*** Opening EXTRACTED INFORMATION ***
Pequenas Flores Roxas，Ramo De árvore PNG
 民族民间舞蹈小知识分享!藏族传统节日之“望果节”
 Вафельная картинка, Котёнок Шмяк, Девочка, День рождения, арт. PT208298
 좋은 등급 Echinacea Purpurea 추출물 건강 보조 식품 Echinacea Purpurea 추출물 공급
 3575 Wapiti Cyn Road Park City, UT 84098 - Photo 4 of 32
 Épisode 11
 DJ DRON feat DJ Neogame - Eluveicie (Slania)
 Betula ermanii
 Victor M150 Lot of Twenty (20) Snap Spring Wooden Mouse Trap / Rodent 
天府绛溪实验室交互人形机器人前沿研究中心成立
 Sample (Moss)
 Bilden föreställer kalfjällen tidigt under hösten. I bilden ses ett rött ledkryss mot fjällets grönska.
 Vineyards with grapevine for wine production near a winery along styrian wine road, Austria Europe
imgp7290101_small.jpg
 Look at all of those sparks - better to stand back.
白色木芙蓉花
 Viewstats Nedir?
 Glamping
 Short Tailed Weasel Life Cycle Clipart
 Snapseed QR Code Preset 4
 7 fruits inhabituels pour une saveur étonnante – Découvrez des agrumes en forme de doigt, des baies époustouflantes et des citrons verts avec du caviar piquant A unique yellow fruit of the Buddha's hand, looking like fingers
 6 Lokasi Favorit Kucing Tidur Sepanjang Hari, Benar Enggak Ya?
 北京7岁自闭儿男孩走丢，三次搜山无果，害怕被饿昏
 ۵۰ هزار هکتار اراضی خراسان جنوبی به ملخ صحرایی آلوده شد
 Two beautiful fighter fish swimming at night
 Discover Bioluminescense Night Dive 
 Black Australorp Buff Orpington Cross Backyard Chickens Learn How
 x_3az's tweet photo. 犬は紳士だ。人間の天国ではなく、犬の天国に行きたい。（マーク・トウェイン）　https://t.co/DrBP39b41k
*** Closing EXTRACTED INFORMATION ***
PROBLEM STATEMENT — The data must be output in full, exactly as given.

SOLVED EXERCISE —
Pequenas Flores Roxas，Ramo De árvore PNG
 民族民间舞蹈小知识分享!藏族传统节日之“望果节”
 Вафельная картинка, Котёнок Шмяк, Девочка, День рождения, арт. PT208298
 좋은 등급 Echinacea Purpurea 추출물 건강 보조 식품 Echinacea Purpurea 추출물 공급
 3575 Wapiti Cyn Road Park City, UT 84098 - Photo 4 of 32
 Épisode 11
 DJ DRON feat DJ Neogame - Eluveicie (Slania)
 Betula ermanii
 Victor M150 Lot of Twenty (20) Snap Spring Wooden Mouse Trap / Rodent 
天府绛溪实验室交互人形机器人前沿研究中心成立
 Sample (Moss)
 Bilden föreställer kalfjällen tidigt under hösten. I bilden ses ett rött ledkryss mot fjällets grönska.
 Vineyards with grapevine for wine production near a winery along styrian wine road, Austria Europe
imgp7290101_small.jpg
 Look at all of those sparks - better to stand back.
白色木芙蓉花
 Viewstats Nedir?
 Glamping
 Short Tailed Weasel Life Cycle Clipart
 Snapseed QR Code Preset 4
 7 fruits inhabituels pour une saveur étonnante – Découvrez des agrumes en forme de doigt, des baies époustouflantes et des citrons verts avec du caviar piquant A unique yellow fruit of the Buddha's hand, looking like fingers
 6 Lokasi Favorit Kucing Tidur Sepanjang Hari, Benar Enggak Ya?
 北京7岁自闭儿男孩走丢，三次搜山无果，害怕被饿昏
 ۵۰ هزار هکتار اراضی خراسان جنوبی به ملخ صحرایی آلوده شد
 Two beautiful fighter fish swimming at night
 Discover Bioluminescense Night Dive 
 Black Australorp Buff Orpington Cross Backyard Chickens Learn How
 x_3az's tweet photo. 犬は紳士だ。人間の天国ではなく、犬の天国に行きたい。（マーク・トウェイン）　https://t.co/DrBP39b41k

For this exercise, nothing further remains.